Si antes el festejo ocupaba una buena parte del Malecón —desde La Piragua, en los bajos del Hotel Nacional, hasta La Punta—, hoy día se restringe a poco menos de un kilómetro —desde el Nacional hasta el Parque Maceo. De ahí que también se haya disuelto la tradición más nombrada por nuestros padres, quienes en su día "arrollaban" a lo largo del litoral, siguiendo el paso arrebatador de la conga predilecta.
Y me cuestiono (sabiendo de antemano la respuesta): Si apenas hay puntos de cerveza a granel, si los palcos son un privilegio que se otorga en empresas a obreros ejemplares, si las colas invaden cada sitio abierto, si, en definitiva, los carnavales no son un motivo para amanecer en la calle, ¿por qué seguir haciéndolos? ¿Qué sentido tiene producir un evento que tan solo origina basura, desorden social y violencia, en esta ciudad?
El rumor siempre eclipsa la realidad. Y La Habana es una ciudad hecha de rumores. Se dice que hoy tocará Havana D' Primera, aunque también he escuchado decir que será Yomil y El Dani. En estos casos, no presto atención a lo que se dice, aunque tampoco soy del todo indiferente. Un amigo muy sensato, sin que le pregunte, me dice: "No habrá concierto alguno. Ya verás".

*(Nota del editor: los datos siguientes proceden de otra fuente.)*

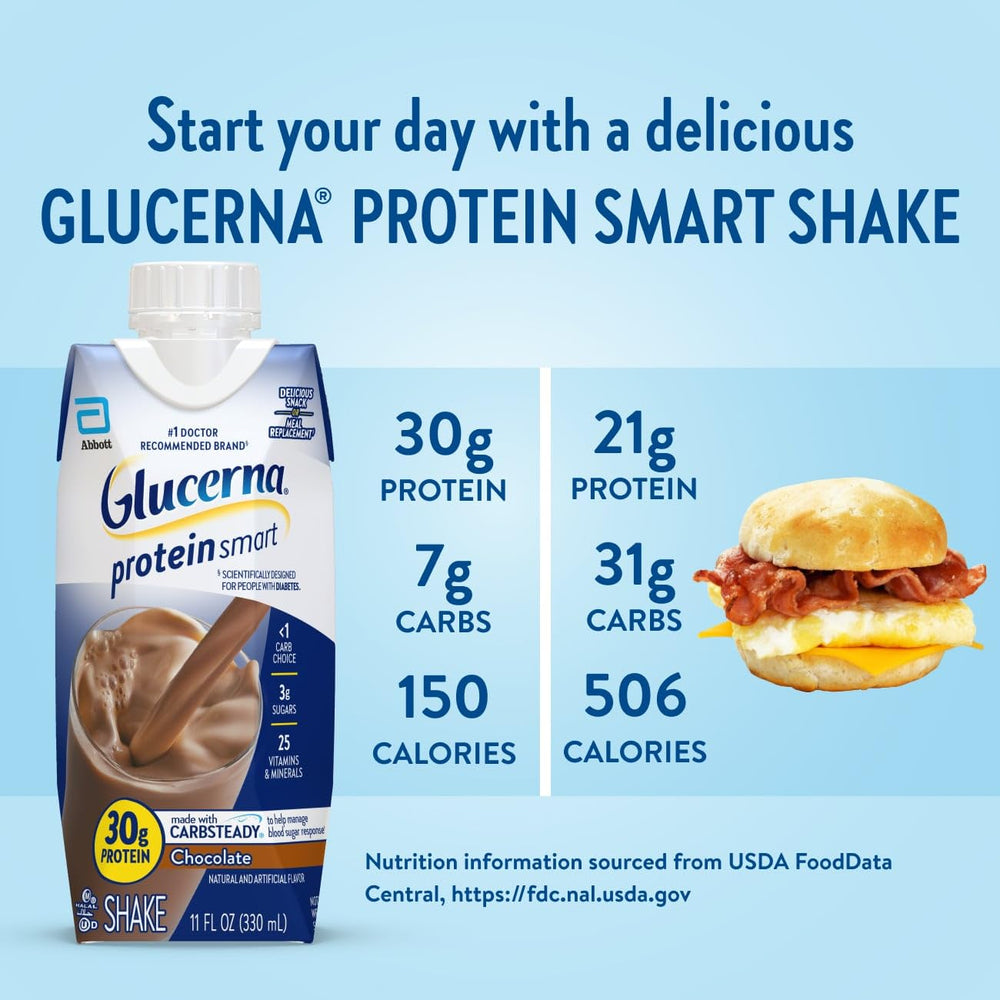 Glucerna Protein Smart chocolate being poured into a glass for a smooth drink
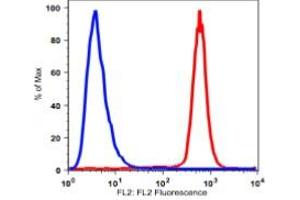 Flow Cytometry (FACS) image for anti-Integrin alpha M (ITGAM) antibody (Biotin) (ABIN3071786)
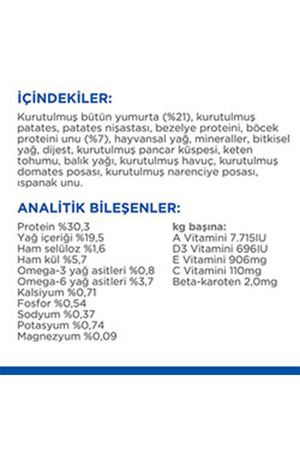Hill's Kedi Maması Hipoalerjenik Proteinli 1.5 Kg
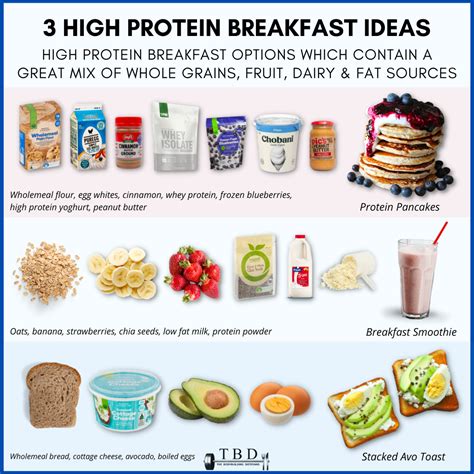 High Protein Breakfast Ideas — The Bodybuilding Dietitians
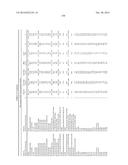 MODIFIED FACTOR IX POLYPEPTIDES AND USES THEREOF diagram and image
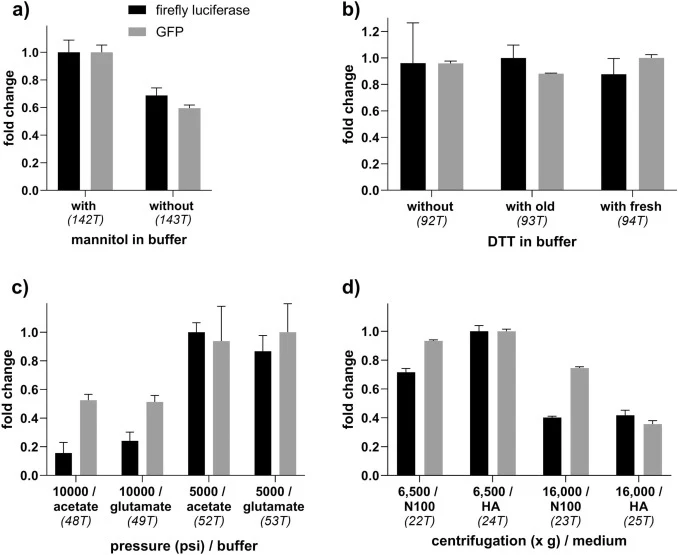 Influence of Neurospora crassa lysate preparation on the in vitro translation of two reporter proteins. a) with and without mannitol as osmotic agent in the washing and lysis buffer. b) without, with old and with fresh DTT in the lysis buffer. c) washing and lysis buffer either with magnesium and po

De un momento a otro se hace una estampida. La gente corre en cualquier dirección, chocando entre sí. Me quedo quieto a mirar lo que sucede y diviso una bronca enorme. Hay niños, adolescentes y hasta mujeres en ese enjambre. Gritos y amenazas de un lado a otro. La policía repartiendo porrazos a diestra y siniestra.
Van sacando a empujones y patadas a las personas. Incontables rostros sangrando, varios cuerpos retorcidos de dolor sobre el pavimento. Un camión de policía al que lanzan hombres como si fueran sacos.
Un policía se acerca a un joven que hace fotos de la escena y lo amenaza con quitarle el teléfono. El chico tiene que borrar cada foto, la evidencia de lo que allí pasó. La noche, que no fue ni regular, termina así, con la falta de civilidad y el abuso de poder de los gendarmes.
Un carnaval vigilado y reprimido por ese cuerpo legal, no puede ser un carnaval feliz. Una ciudad cuya mayor diversión tiene lugar bajo estos matices, tampoco puede decirse feliz. Desde hace tiempo, La Habana descubre la felicidad como algo prohibido y exclusivo, siempre acechado por la vigilancia.